2. The appellant, a national of Pakistan, appealed to the First-tier Tribunal against the decision of the Secretary of State of 21 November 2013 to refuse his application for a residence card as confirmation of a right to reside in the UK under the Immigration (European Economic Area) Regulations 2006 (the EEA Regulations) as the spouse of Norah Langan, an Irish national. The respondent interviewed the appellant and his spouse and concluded that the marriage is one of convenience. First-tier Tribunal Judge Hunter allowed the appeal.
3. The issue in this appeal is whether the First-tier Tribunal Judge properly applied the burden of proof in considering whether the marriage is one of convenience.
4. In this appeal the respondent carried out an interview with the appellant and his spouse. The record of interview is contained in the Reasons for Refusal letter. The Judge heard oral evidence from the appellant’s wife but not from the appellant. The Judge set out the submissions and said at paragraph 44 “I then heard from Mr Nicholson [for the appellant] who said that the burden of proving a marriage was one of convenience was on the Respondent.” The Judge said at paragraph 52; “I accept Mr Nicholson’s submission that the burden of proof is on the Respondent to show that a particular marriage is one of convenience.”
5. The respondent contends in the grounds of appeal to the Upper Tribunal that the Judge erred in reversing the burden of proof onto the respondent to show that the marriage is one of convenience.
6. The Tribunal gave guidance on the appropriate burden of proof in the case of IS (marriages of convenience) Serbia [2008] UKAIT 31 where it said;
“14. As we have said, these three reasons taken together lead us to the view that the burden of proving that a marriage is not one of convenience lies on the appellant. We would, however, also associate ourselves with the wording of the Council Resolution to this extent. Not every applicant needs to prove that his marriage is not one of convenience. The need to do so only arises where there are factors which support suspicions for believing the marriage is one of convenience. Translated into the technical language of the English law of procedure and evidence, that means that there is an evidential burden on the respondent. If there is no evidence that could support a conclusion that the marriage is one of convenience, the appellant does not have to deal with the issue. But once the issue is raised, by evidence capable of pointing to a conclusion that the marriage is one of convenience, it is for the appellant to show that his marriage is not one of convenience.”
7. The Tribunal confirmed this guidance when it considered this matter again in Papajorgji (EEA spouse – marriage of convenience) Greece [2012] UKUT 38 (IAC) where the Tribunal summarised its findings in the head note as follows;
“i) There is no burden at the outset of an application on a claimant to demonstrate that a marriage to an EEA national is not one of convenience.
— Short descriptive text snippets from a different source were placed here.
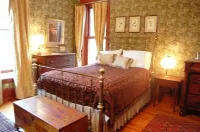 Historic House with Gardens Near Universities & Downtown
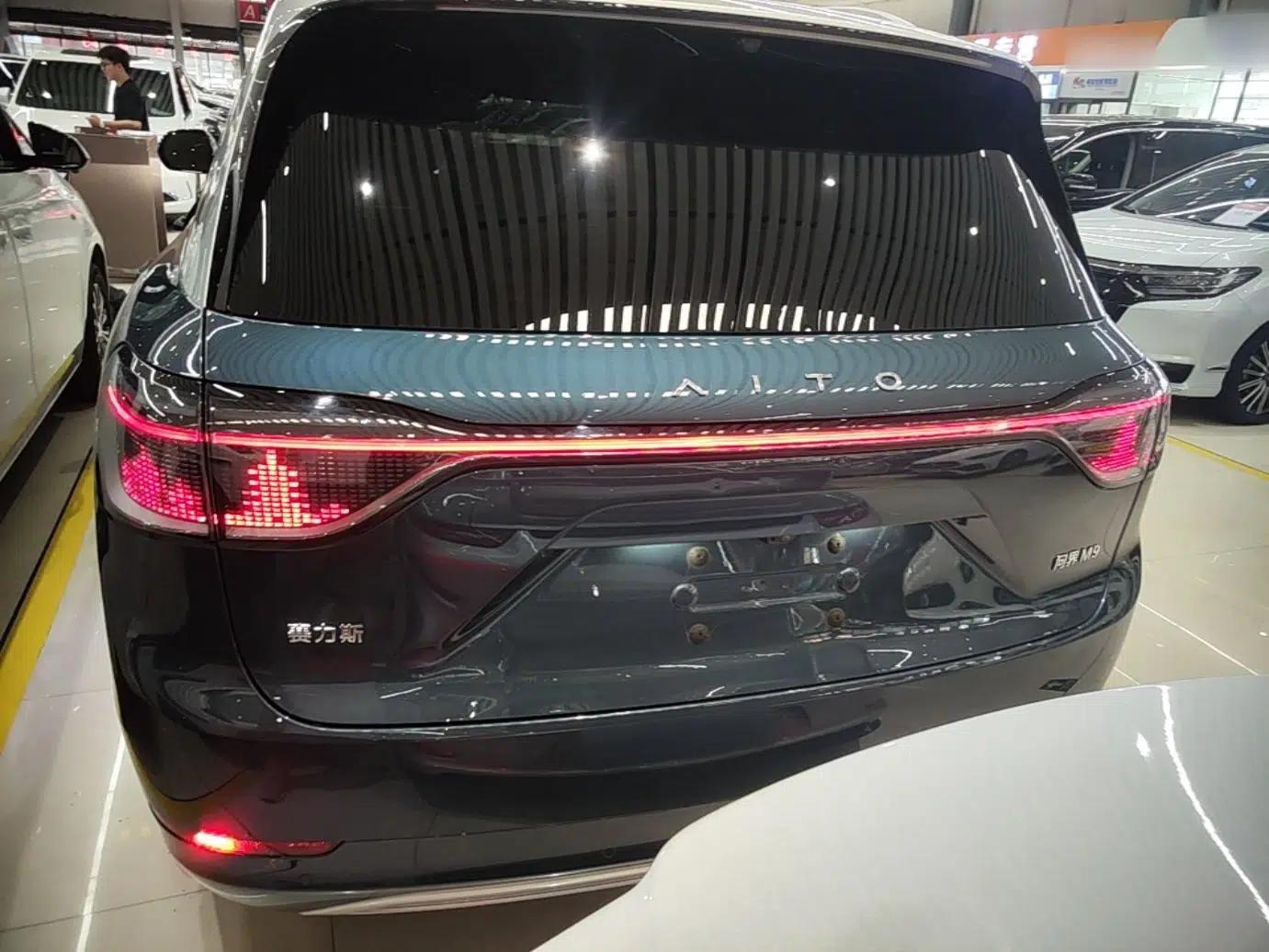 Hima AITO M9 2024 Range-Extended Ultra Version 42 kWh 6-Seater Model — миниатюра 5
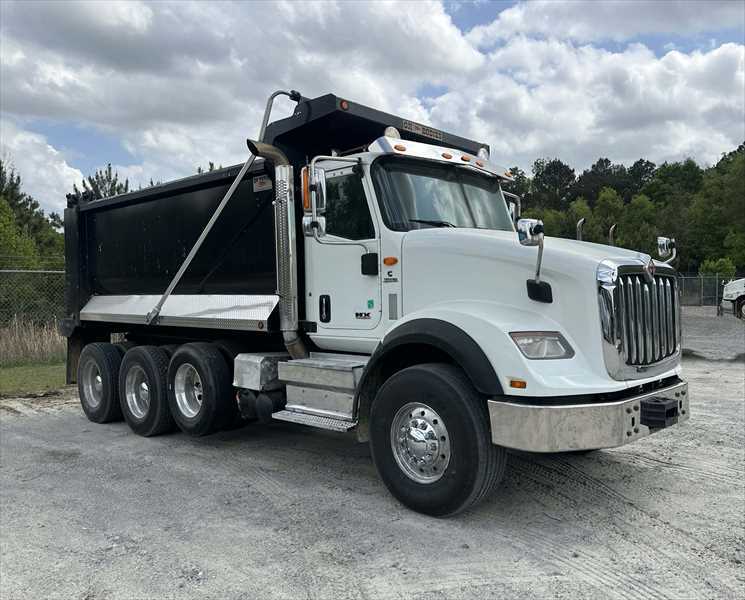 2021 International HX - image 3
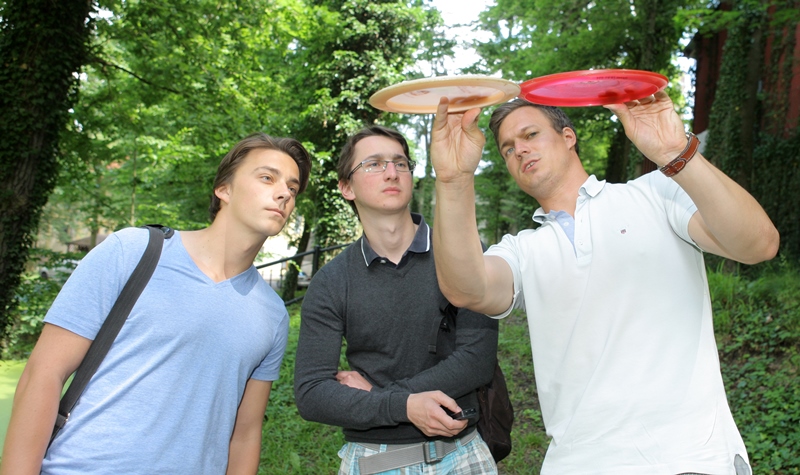 Redaktoři TÝDNE Tomáš Haisl (vlevo) a Lukáš Seidl si pod dohledem profesionála Přemysla Nováka discgolf vyzkoušeli na vlastní kůži.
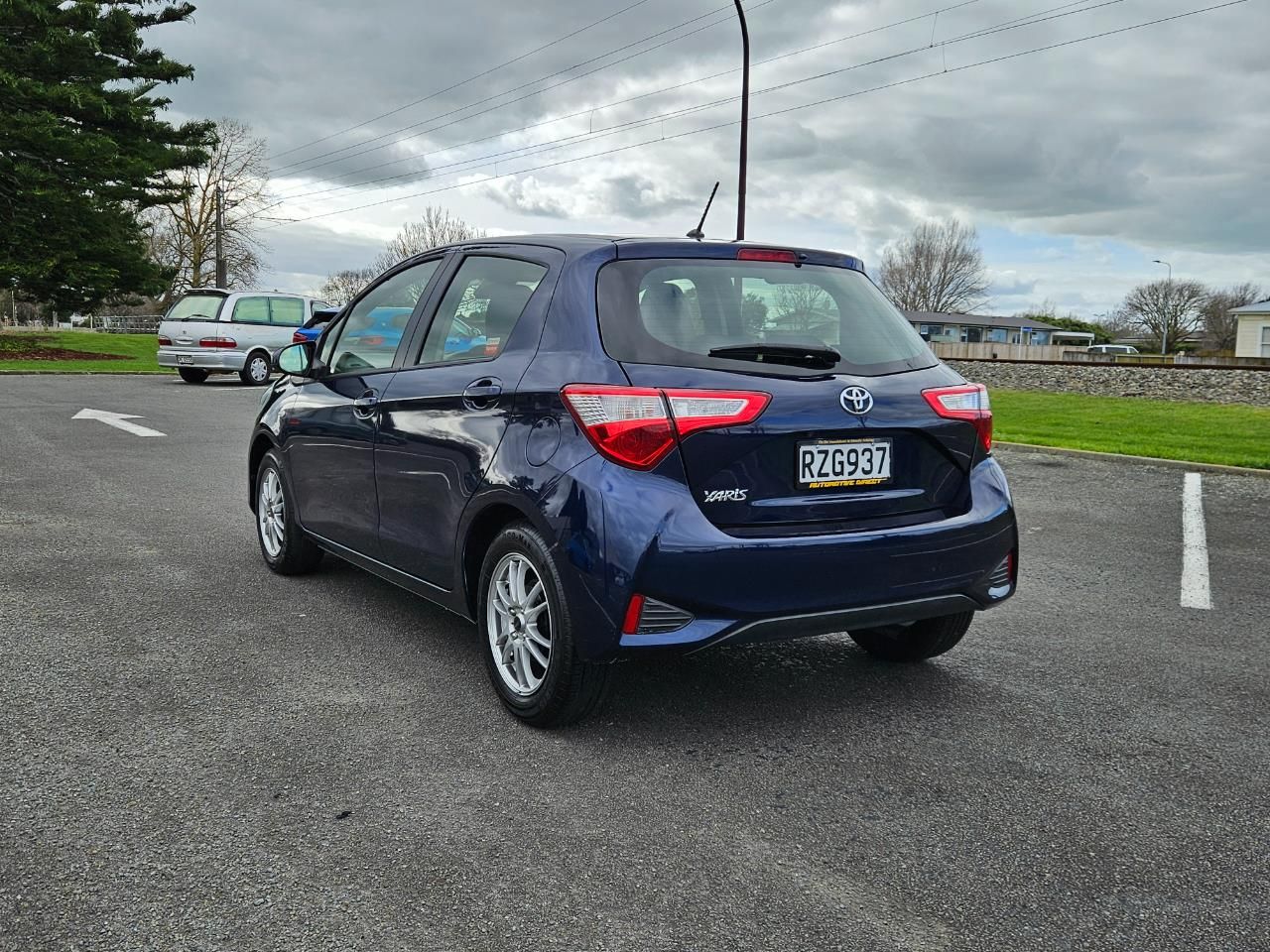 Vehicle image 4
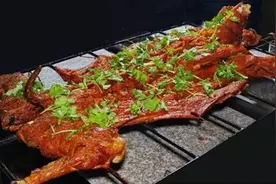 烤羊好吃，但活羊冻羊傻傻分不清，来教你三招！图片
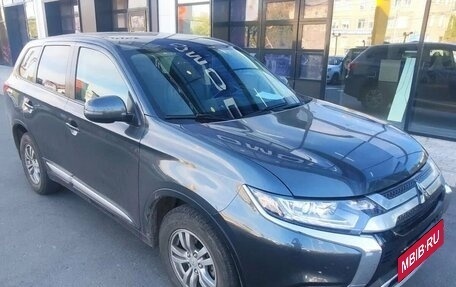 Mitsubishi Outlander III рестайлинг 3, 2018 год, 2 299 000 рублей, 2 фотография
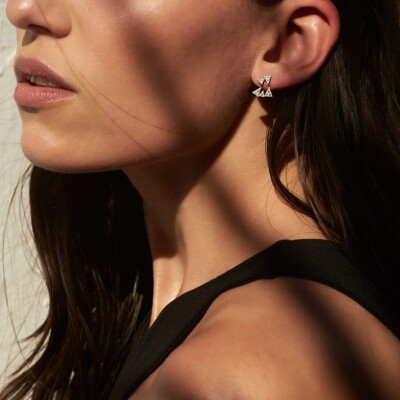 Boucles d'oreilles puces Akillis Capture Me en or blanc pavées de diamants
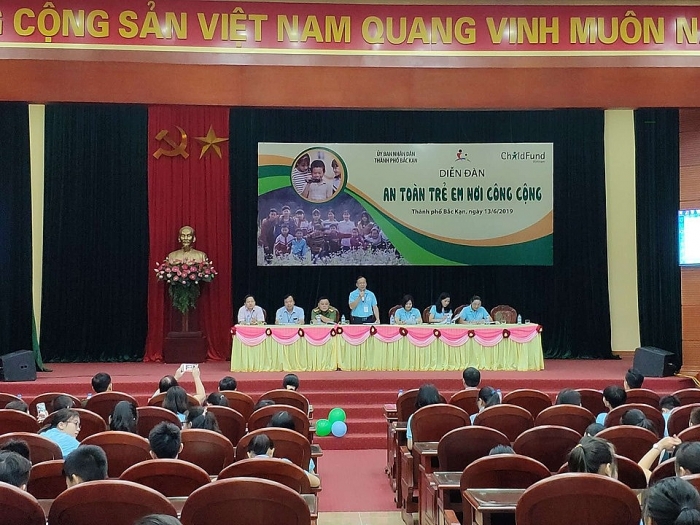 childfund giup tre em bac kan the hien tieng noi va quyen tham gia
ii) IS (marriages of convenience) Serbia [2008] UKAIT 31 establishes only that there is an evidential burden on the claimant to address evidence justifying reasonable suspicion that the marriage is entered into for the predominant purpose of securing residence rights.”
8. The Tribunal concluded;
“39. In summary, our understanding is that, where the issue is raised in an appeal, the question for the judge will therefore be 'in the light of the totality of the information before me, including the assessment of the claimant's answers and any information provided, am I satisfied that it is more probable than not this is a marriage of convenience?'.”
9. These cases confirm that there is an initial burden on the Secretary of State to produce evidence justifying a reasonable suspicion that the marriage is entered into for the predominant purpose of securing residence rights and the burden then shifts to the appellant to demonstrate that the marriage is not one of convenience. In light of this guidance I accept that in stating that the burden of proof is on the respondent the First-tier Tribunal Judge has over-simplified the position. The proper application of the burden of proof is that set out above. However the issue is whether that misstatement of the burden of proof is material in light of the Judge’s findings overall.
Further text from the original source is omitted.